I decided for my mother’s memorial to buy a suit. The suit I possess is a hand-me-down and makes me look fat. It’s also a light color and I wanted something dark that I could wear to interviews (a remote possibility) and actual funerals or weddings. It would have pleased my mother. Between us there was the residue of childhood battles over suits, which I regarded as something worse than an iron maiden. And I do feel like I’m being hanged whenever I wear a tie. But I like the way I look in a good dark suit now, if the cut is right. Buzz Callaway always wears a suit.

Missions like this are best conducted in company. On my own there is no telling what I’ll return with. I’m like the father of my childhood who is sent to the supermarket by circumstances and comes home with pickled lamb tongues, mustard and Wonderbread, plus 42 cans of frozen orange juice because it was on sale. And so I enlisted my daughter, Q. Q is 23 and into something I’ve never known a thing about, fashion.
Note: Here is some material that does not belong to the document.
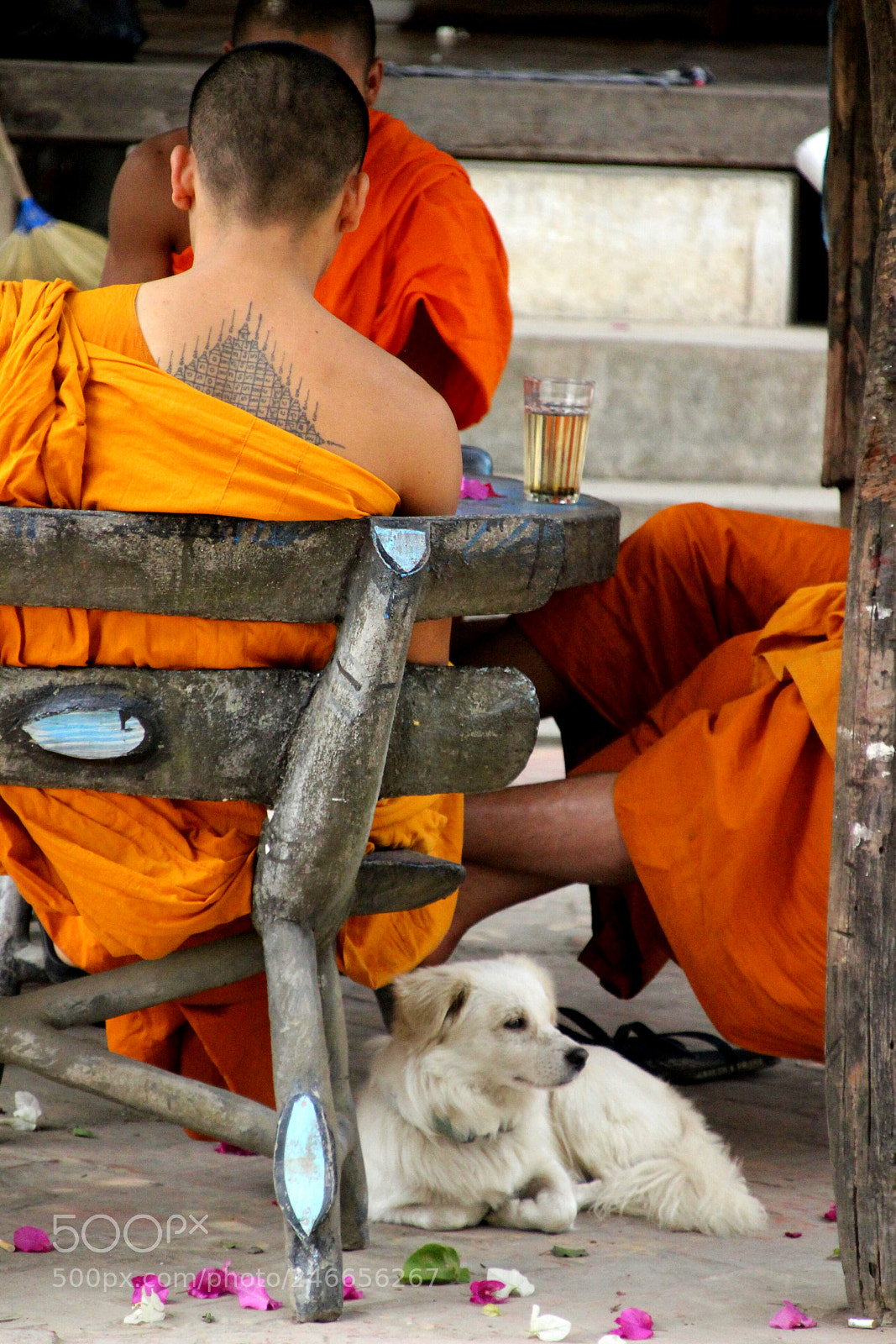 Canon EOS 100D (EOS Rebel SL1 / EOS Kiss X7) sample photo. Monks and dog photography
It was Friday, late morning, when we set out for a discount department store with steeply marked down designer clothes she knew about on 7th Avenue. The sky was overcast with dirty, rainless clouds. Most of our time together in the past couple of years has been difficult. I knew this would be an opportunity to spend time with her without talking about what she is going to do with her life, or money, or mental health. I was in her power box, fashion. She was going to help me. Therapeutic for both of us.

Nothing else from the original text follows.